Des armes nucléaires plus variées, mais tout aussi dévastatrices
Le nouveau dispositif, lui, accroît l’importance de ces armes ainsi que l’investissement national dans l’arsenal nucléaire de l’Amérique. Il prévoit également de diversifier les types d’armes nucléaires auxquels peut recourir l’armée. Le changement le plus radical est le suivant: bien que le NPR affirme toujours –comme tous ceux qui l’ont précédé– qu’il ne sera fait usage d’armes nucléaires que dans des «circonstances extrêmes», le texte de 2018 élargit la définition de ces circonstances extrêmes. Il prévoit notamment que des armes nucléaires pourraient être employées contre des ennemis qui ne disposent pas eux-mêmes d’armes nucléaires. Il pourrait s’agir, par exemple, de représailles nucléaires contre les auteurs d’une cyberattaque massive contre l’infrastructure matérielle des États-Unis –le réseau électrique, les télécommunications, le système financier, etc.
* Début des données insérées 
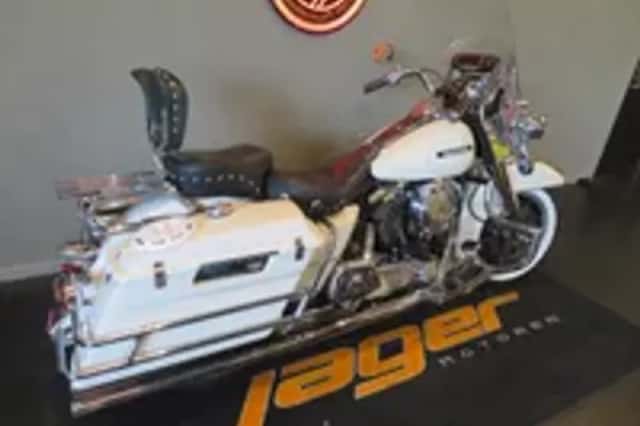 Harley-Davidson Electra Glide FLHTC SPECIAL!! (1993) thumbnail 3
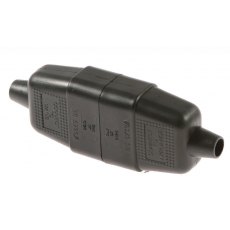 Straight Connector 10amp 3 Pin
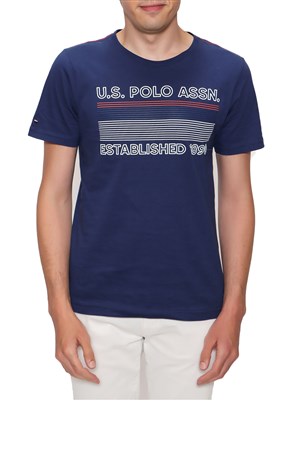 Us. Polo Assn. Erkek Tişört 50246309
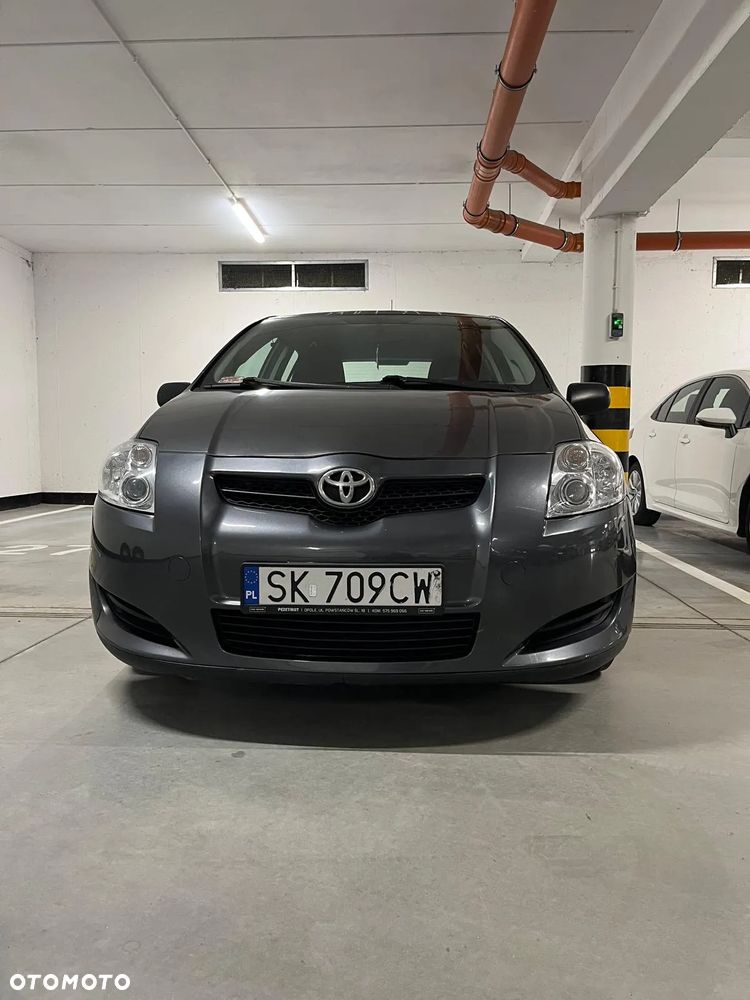 Toyota Auris - 4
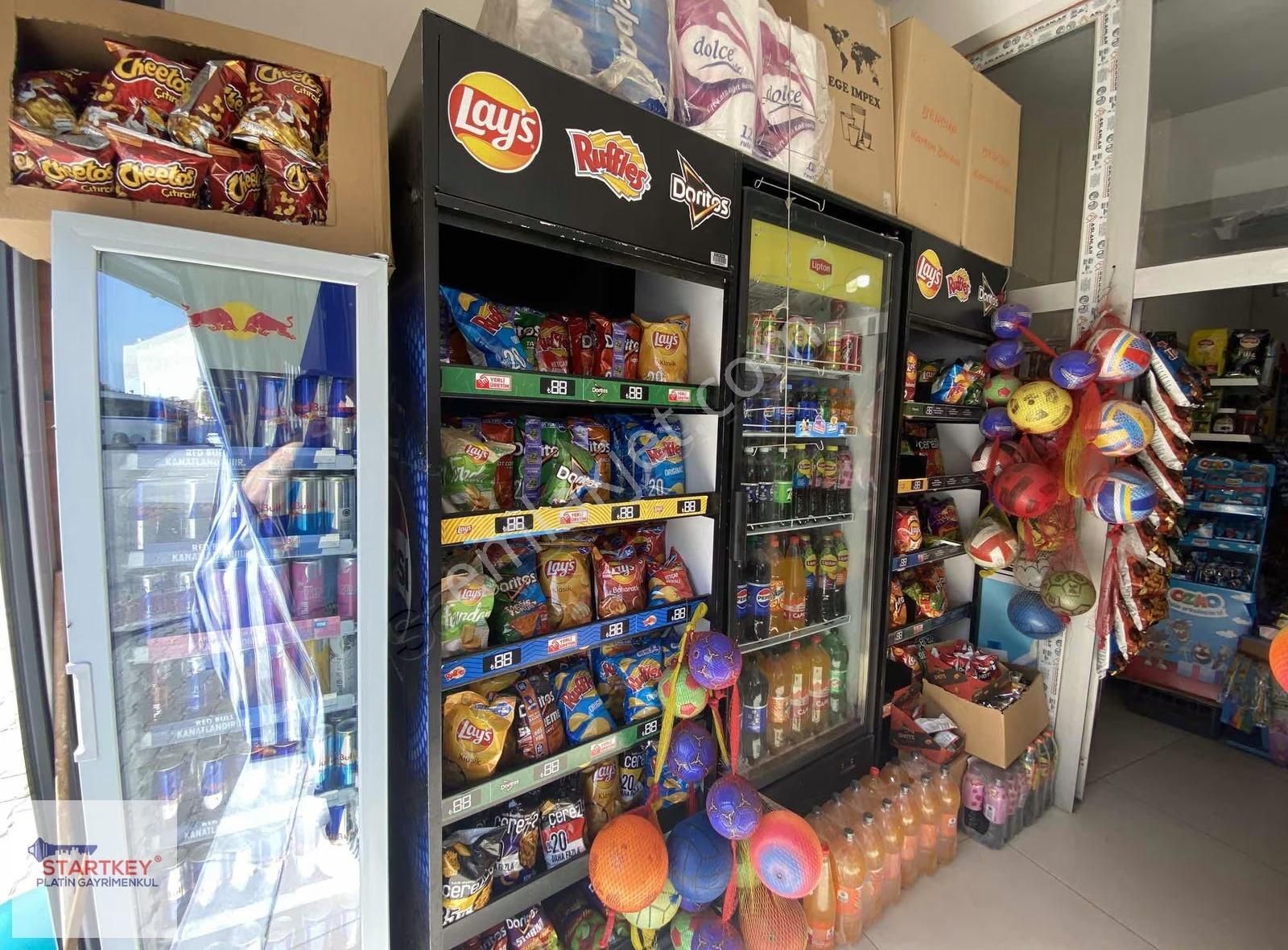Yüksek Ciroya Sahip, Tam Donanımlı Devren Satılık Market - Görsel 10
Le NPR précise également que la nouvelle doctrine requiert la mise au point de nouvelles armes nucléaires qui seraient plus petites, plus faciles à utiliser et d’une puissance explosive moindre. Pour parler comme les experts, ces armes nucléaires seraient «tactiques», et non «stratégiques». Mais s’il est une chose qu’on omet souvent de dire, c’est que ces armes nucléaires «plus petites» et «tactiques» peuvent être aussi dévastatrices que celles qui ont été larguées sur Hiroshima (146.000 morts) et Nagasaki (80.000 morts).
«America alone»: Trump met à exécution ses plans isolationnistes
En grande majorité, les experts s’alarment de l’adoption de cette nouvelle posture nucléaire. Bon nombre d’entre eux estiment que la probabilité d’une guerre nucléaire est désormais plus forte, tandis que d’autres prévoient à terme une nouvelle course aux armements. Naturellement, le coût de la mise en œuvre de ce NPR est énorme et contribuera à creuser davantage le déficit budgétaire déjà colossal des États-Unis. Hélas, aucune de ces considérations ne semble avoir d’importance pour le président Trump et ses conseillers.
Sur un autre plan, les États-Unis peuvent se targuer d’avoir renforcé leur statut de puissance énergétique. Ayant produit plus de 10 millions de barils de brut par jour, ils enregistrent un boom pétrolier extraordinaire. Non contents d’avoir battu un record de production vieux de plus de 40 ans, en janvier 2018, ils ont aussi exporté leur brut vers les Émirats arabes unis. Au mois de novembre, la moitié de ces 10 millions de barils produits chaque jour provenait de champs précédemment inaccessibles. À présent, il est possible d’extraire du pétrole et du gaz du schiste par fracturation hydraulique de cette roche (le fameux «fracking»). Il y a à peine 10 ans, 7% seulement du brut produit aux États-Unis venait de ces sols. Aujourd’hui, ce chiffre est passé à 51%.
Les conséquences économiques et géopolitiques de cet essor pétrolier sont considérables. Aussi bien la nouvelle posture nucléaire que l’autonomie énergétique croissante des États-Unis renforcent l’isolationnisme qui caractérise l’état d’esprit de Donald Trump. Au vu de la facilité plus grande que jamais d’appuyer sur le bouton nucléaire et de cette indépendance énergétique inégalée, la grave illusion que les États-Unis n’ont pas besoin du reste du monde peut sembler plus réelle aux yeux de ceux qui soutiennent Trump à Washington.
«America alone» (l’Amérique toute seule) n’est pas qu’un résumé théorique des idées de ce président. C’est un slogan qui montre parfaitement où Trump amène les États-Unis.